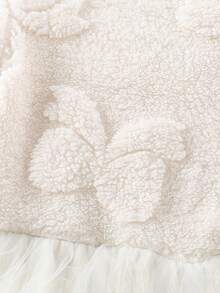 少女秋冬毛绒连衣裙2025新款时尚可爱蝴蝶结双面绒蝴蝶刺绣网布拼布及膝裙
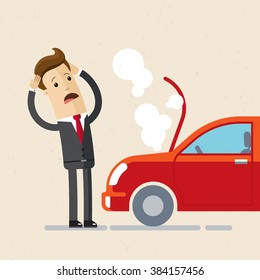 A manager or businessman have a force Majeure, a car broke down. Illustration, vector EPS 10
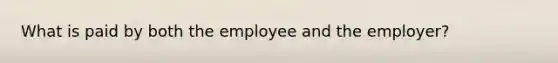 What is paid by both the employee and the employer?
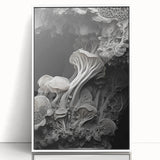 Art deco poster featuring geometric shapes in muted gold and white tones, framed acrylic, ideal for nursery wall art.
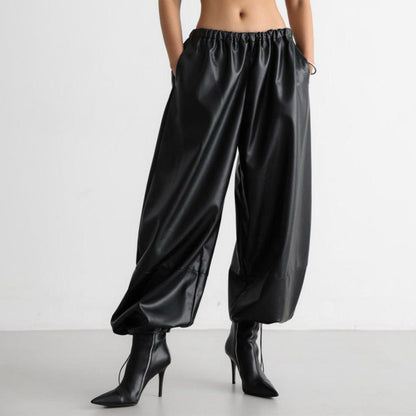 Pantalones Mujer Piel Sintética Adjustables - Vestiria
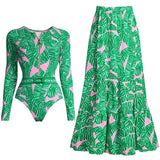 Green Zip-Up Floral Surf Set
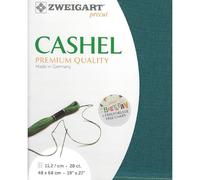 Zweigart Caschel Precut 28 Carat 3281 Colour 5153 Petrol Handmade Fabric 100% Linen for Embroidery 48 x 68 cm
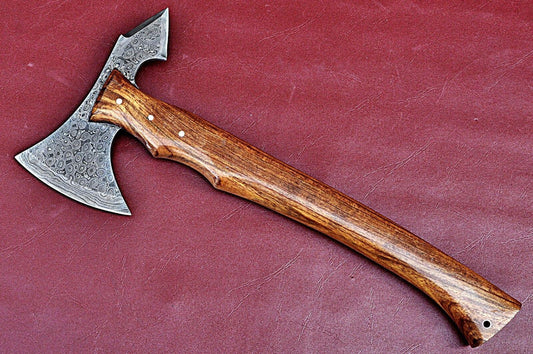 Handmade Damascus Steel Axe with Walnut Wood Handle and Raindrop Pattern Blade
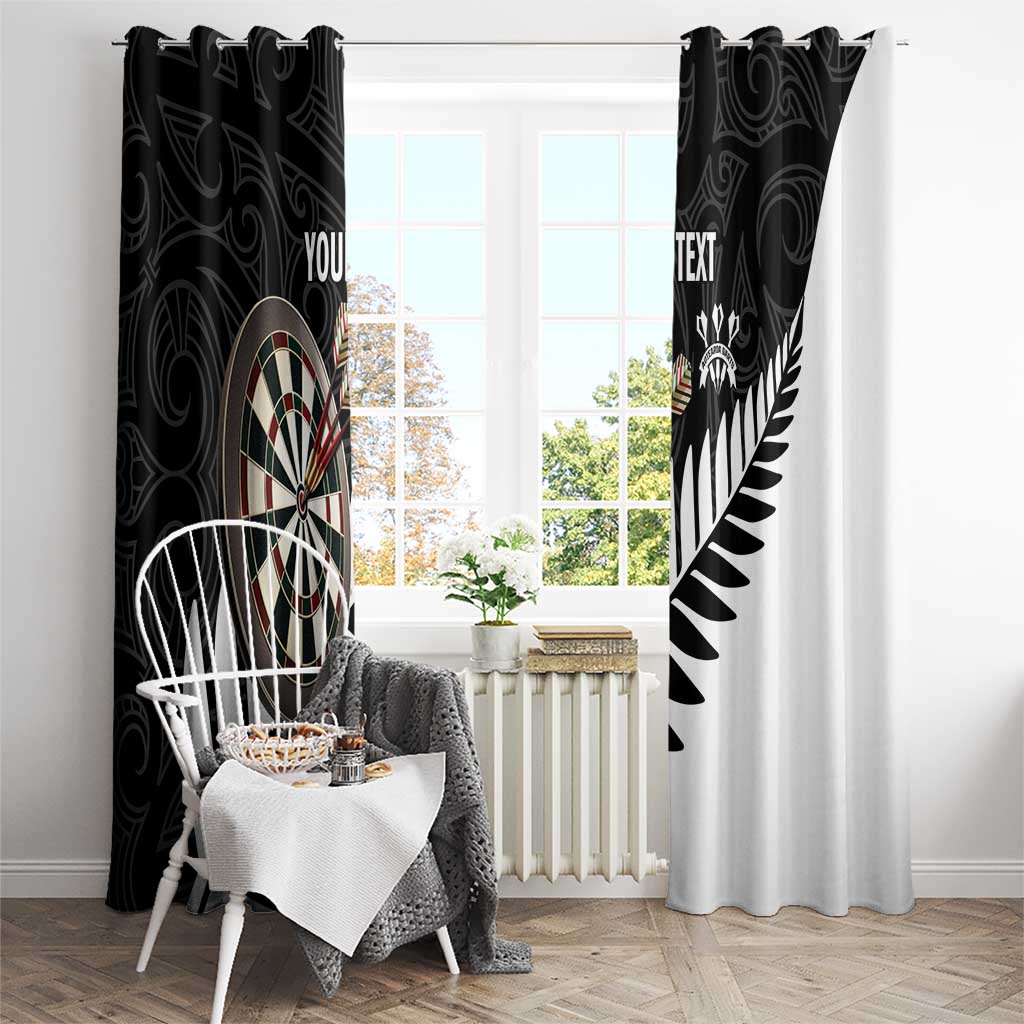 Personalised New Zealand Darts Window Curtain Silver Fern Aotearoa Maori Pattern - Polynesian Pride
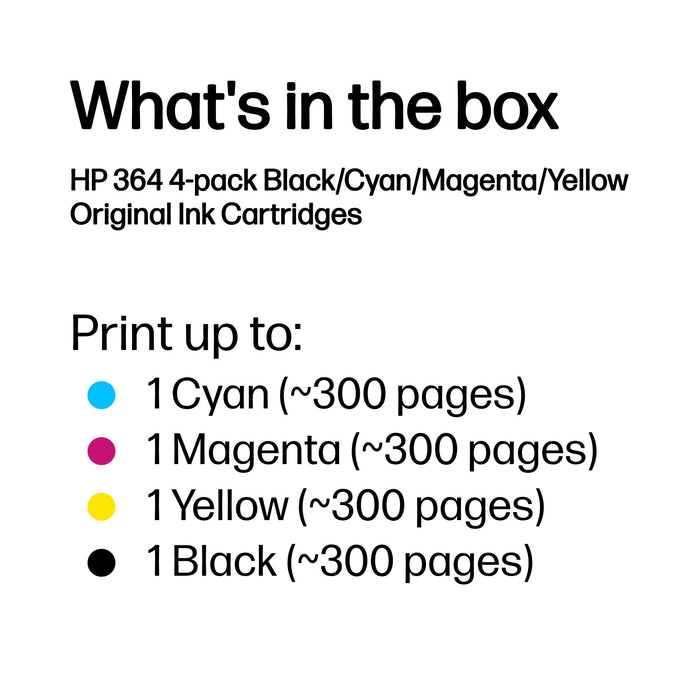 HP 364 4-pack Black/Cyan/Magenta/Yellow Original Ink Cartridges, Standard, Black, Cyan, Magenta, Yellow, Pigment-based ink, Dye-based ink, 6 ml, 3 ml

- [What is expected] Line for line, output the entries above from the line with "Art deco poster" to the line with "Personalised New Zealand", both included, and nothing more. Skip pictures.

- [Exercise answer]
 Art deco poster featuring geometric shapes in muted gold and white tones, framed acrylic, ideal for nursery wall art.
 Pantalones Mujer Piel Sintética Adjustables - Vestiria
 Green Zip-Up Floral Surf Set
 Zweigart Caschel Precut 28 Carat 3281 Colour 5153 Petrol Handmade Fabric 100% Linen for Embroidery 48 x 68 cm
 Handmade Damascus Steel Axe with Walnut Wood Handle and Raindrop Pattern Blade
 Personalised New Zealand Darts Window Curtain Silver Fern Aotearoa Maori Pattern - Polynesian Pride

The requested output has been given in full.